Related to your question, I had a look at the csv dumps (here are all of them: /outputFiles): counter ‘06’ seems to be there, however we had no data for ‘13’ and ‘16’. Those were the examples of (more recently installed) counters, for which we didn’t have any data collected - therefore there was no file or analysis to produce. Hope this answers your question.

-Andreea

Thanks @andreeaPascu, you’re right. Sorry, my mistake. :wink:

I’ve just again looked over the ones I downloaded and 06 is there. The missing ones were 13, 16, and 23.

For the 23 one, it’s on GitHub but doesn’t seem to be on data.edinburghopendata.info. That’s probably the one I meant instead of “06” but typo’d due to brain fade or something. :wink:

With the original SQLite database you created, would the project I’m putting time into (dbhub.io) be useful for publishing it? (once our basic features are all in place :innocent:)

Hi @justinclift. No worries :slight_smile:

You are right about number 23 not appearing the Edinburgh open data portal, and I am not sure why. @ewan_klein do you have any thoughts why number 22 (North Meadow Walk East 1) was added, but 23 (Meadow Walk East 2) was missed out?

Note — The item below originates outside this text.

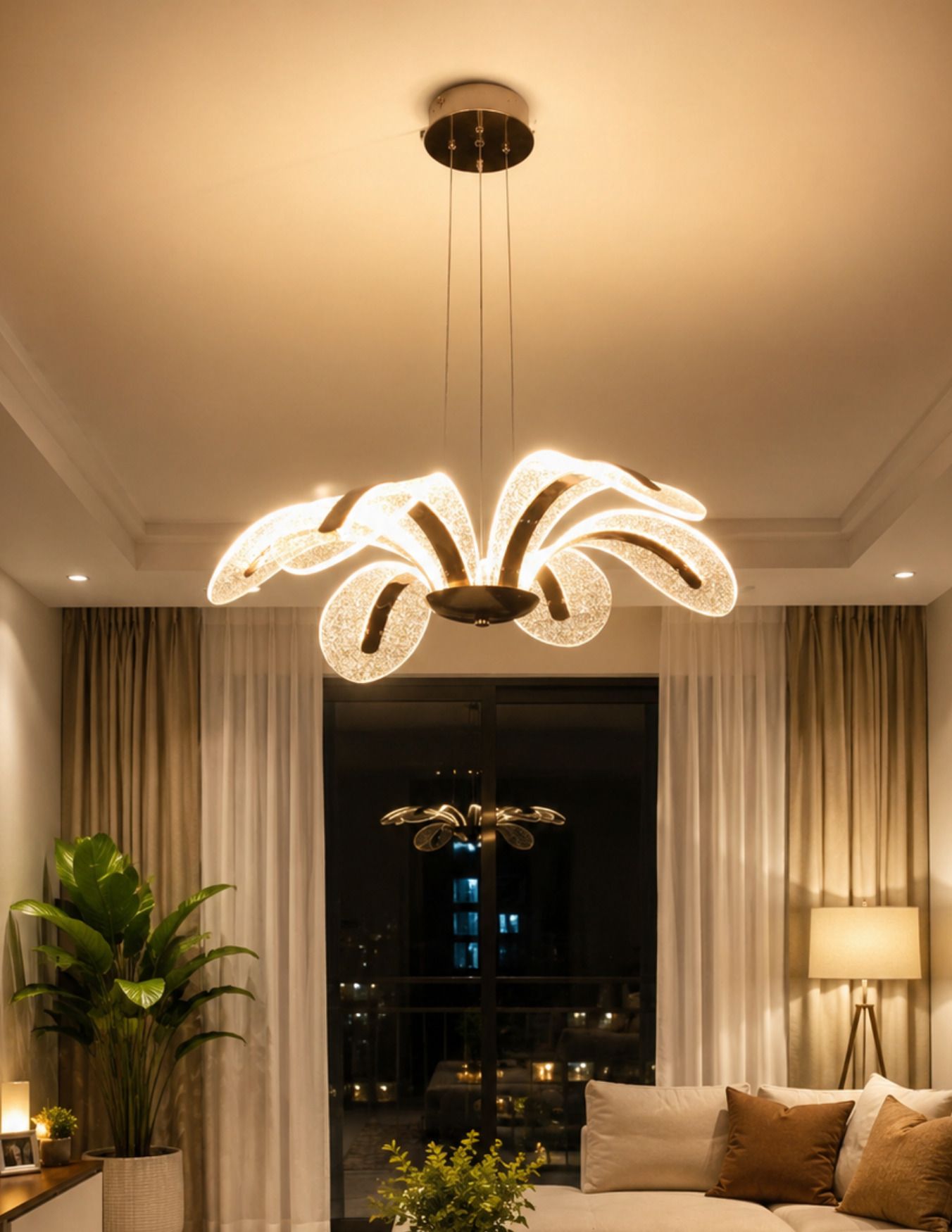 Modern Leaf LED Chandelier | Luxury Acrylic Hanging Ceiling Light Ceiling Light Ceiling Lamp-image-44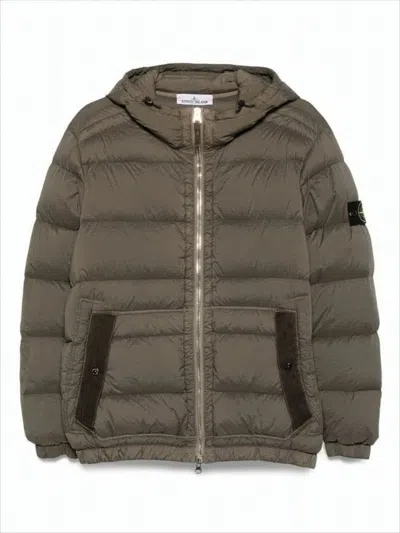 Stone Island Quilted Down Jacket With Adjustable Hood And Signature Patch In Brown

Related to dbhub.io, yes, I believe once the platform is ready, we could use it for our db. It is not currently published anywhere and it will be valuable to have it accessible in this format.

-Andreea

Just for the heck of it, imported the CSV files into a database, set the data types manually (ugh), and uploaded it to the development server:

It’s already been helpful in showing up a few things that needed tweaking, but the general layout and responsiveness (on a low end development server) seems ok. :slight_smile: